= SOURCE RECORDS =

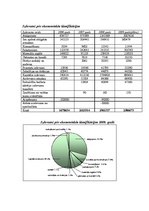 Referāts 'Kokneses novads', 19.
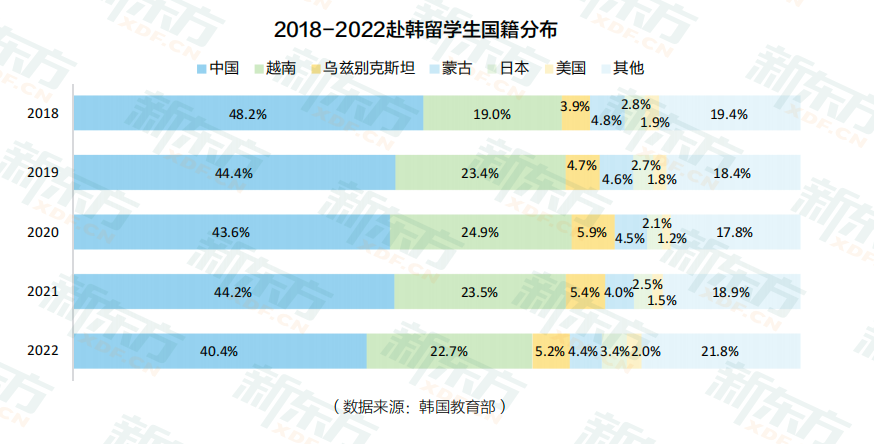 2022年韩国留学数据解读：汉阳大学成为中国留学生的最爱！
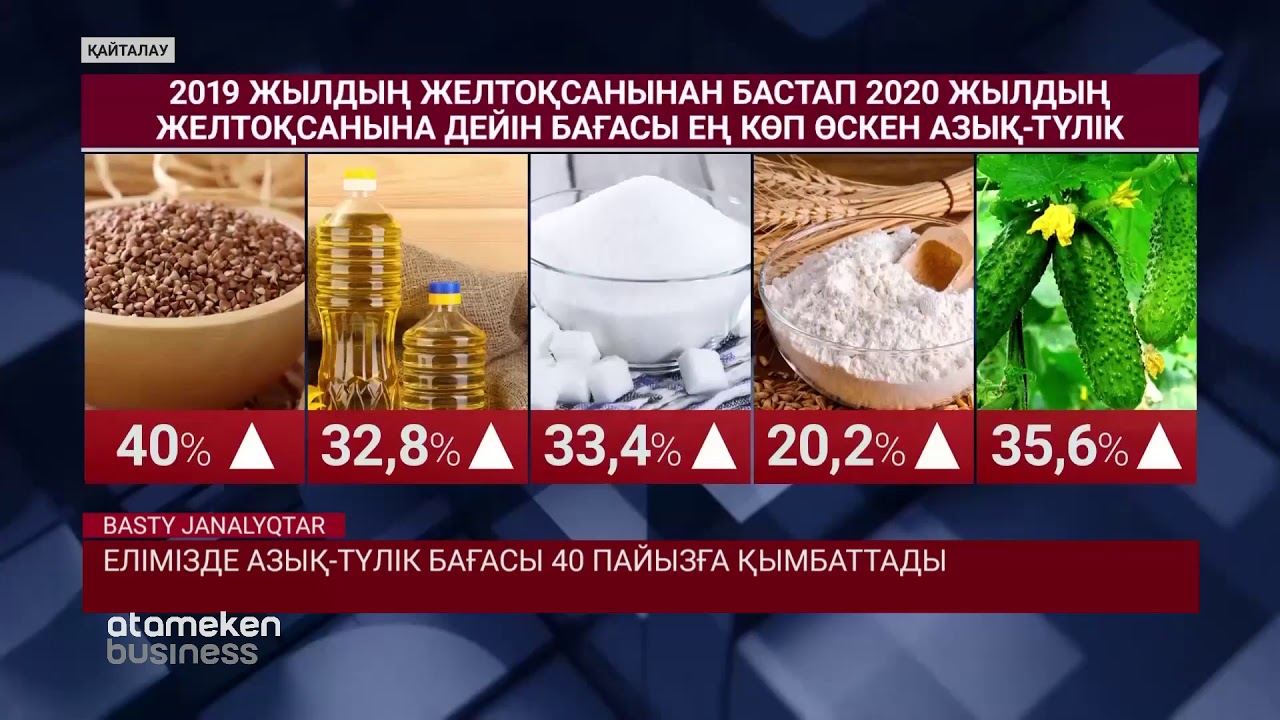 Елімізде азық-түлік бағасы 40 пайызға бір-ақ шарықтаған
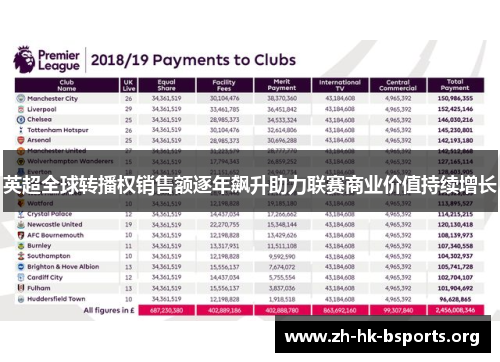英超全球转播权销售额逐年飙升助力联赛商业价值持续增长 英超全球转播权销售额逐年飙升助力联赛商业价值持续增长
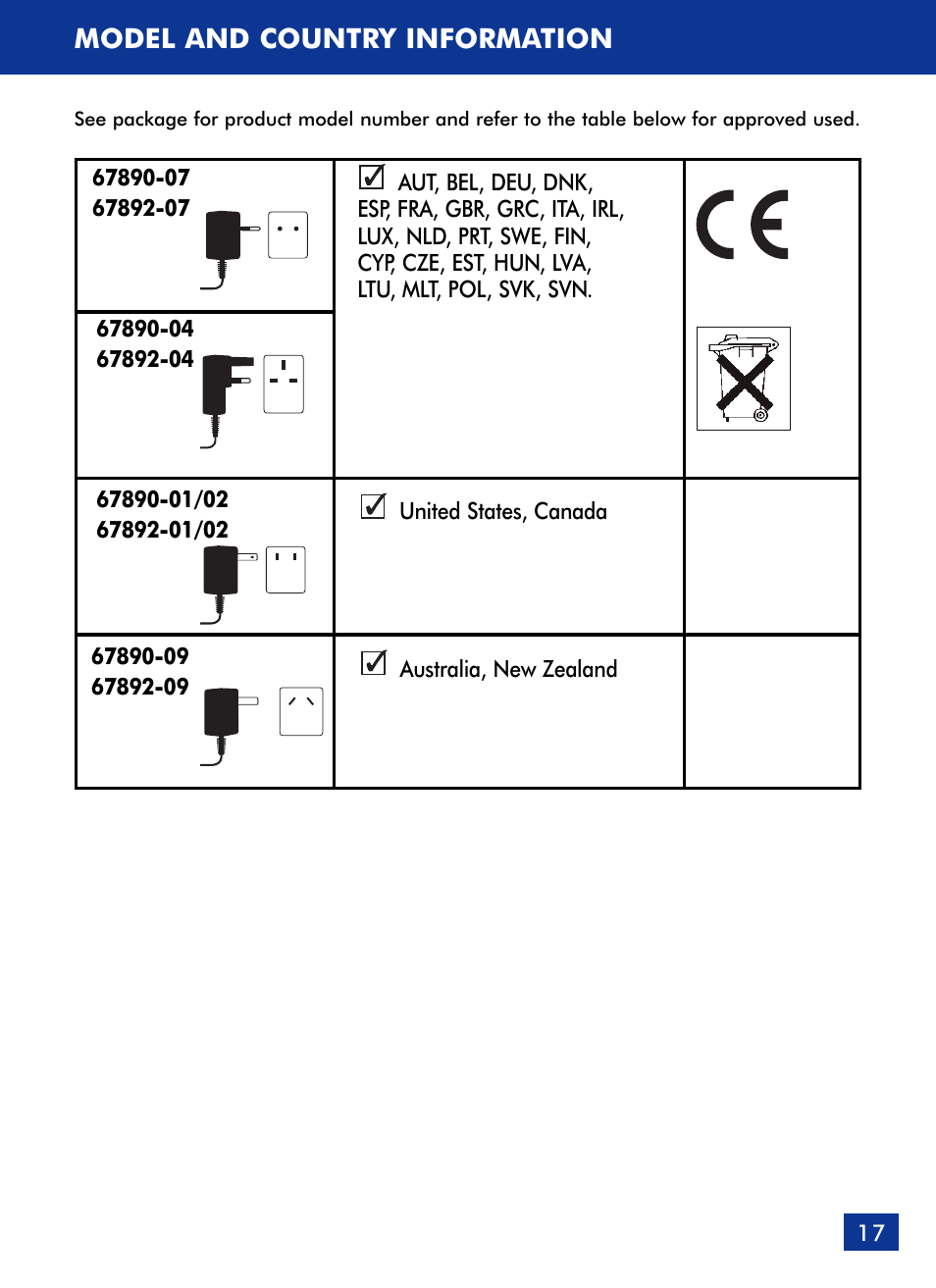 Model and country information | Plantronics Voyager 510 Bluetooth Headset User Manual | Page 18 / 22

---

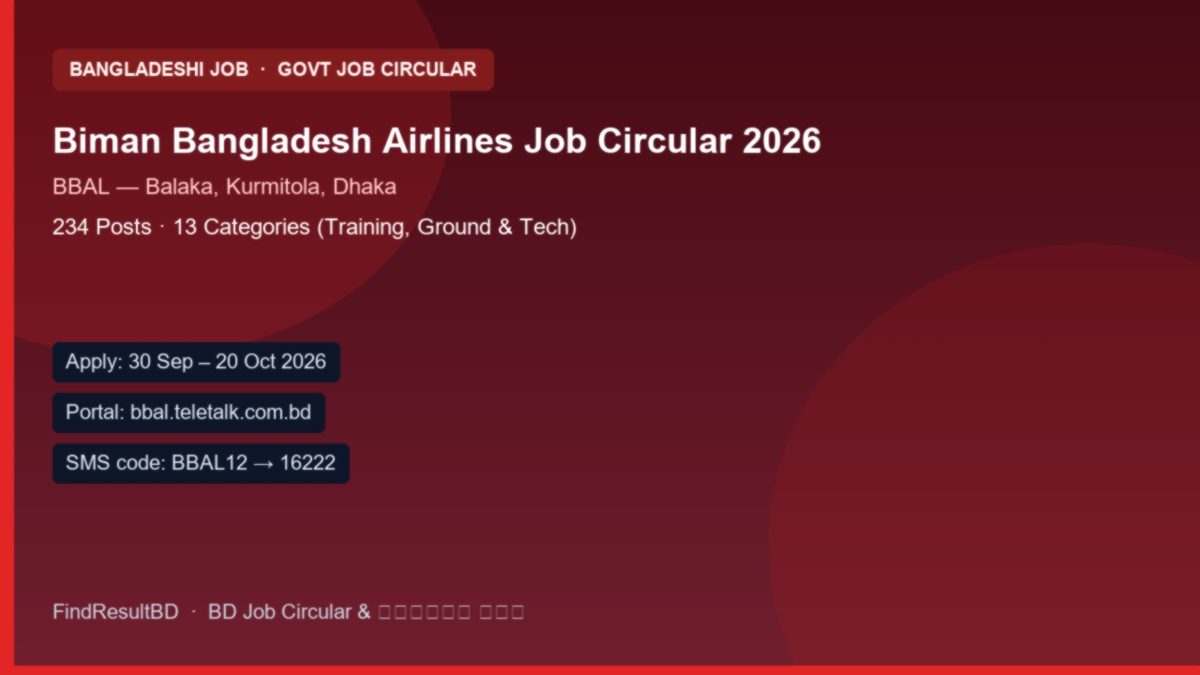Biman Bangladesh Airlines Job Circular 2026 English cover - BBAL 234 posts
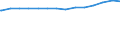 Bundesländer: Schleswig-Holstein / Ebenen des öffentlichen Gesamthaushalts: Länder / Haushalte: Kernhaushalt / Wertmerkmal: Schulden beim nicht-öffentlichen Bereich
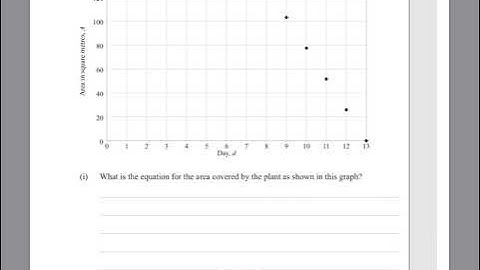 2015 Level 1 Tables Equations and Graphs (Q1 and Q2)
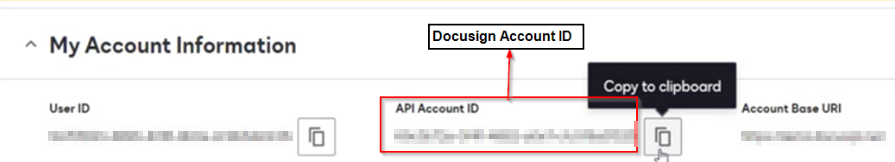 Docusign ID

= WHAT IS EXPECTED =
Working from the records above, set down word for word everything from the line containing "Referāts 'Kokneses novads', 19." down to the line containing "Model and country", ends included, minus the pictures.

= ANSWER TO THIS PROBLEM =
 Referāts 'Kokneses novads', 19.
 2022年韩国留学数据解读：汉阳大学成为中国留学生的最爱！
 Елімізде азық-түлік бағасы 40 пайызға бір-ақ шарықтаған
英超全球转播权销售额逐年飙升助力联赛商业价值持续增长 英超全球转播权销售额逐年飙升助力联赛商业价值持续增长
 Model and country information | Plantronics Voyager 510 Bluetooth Headset User Manual | Page 18 / 22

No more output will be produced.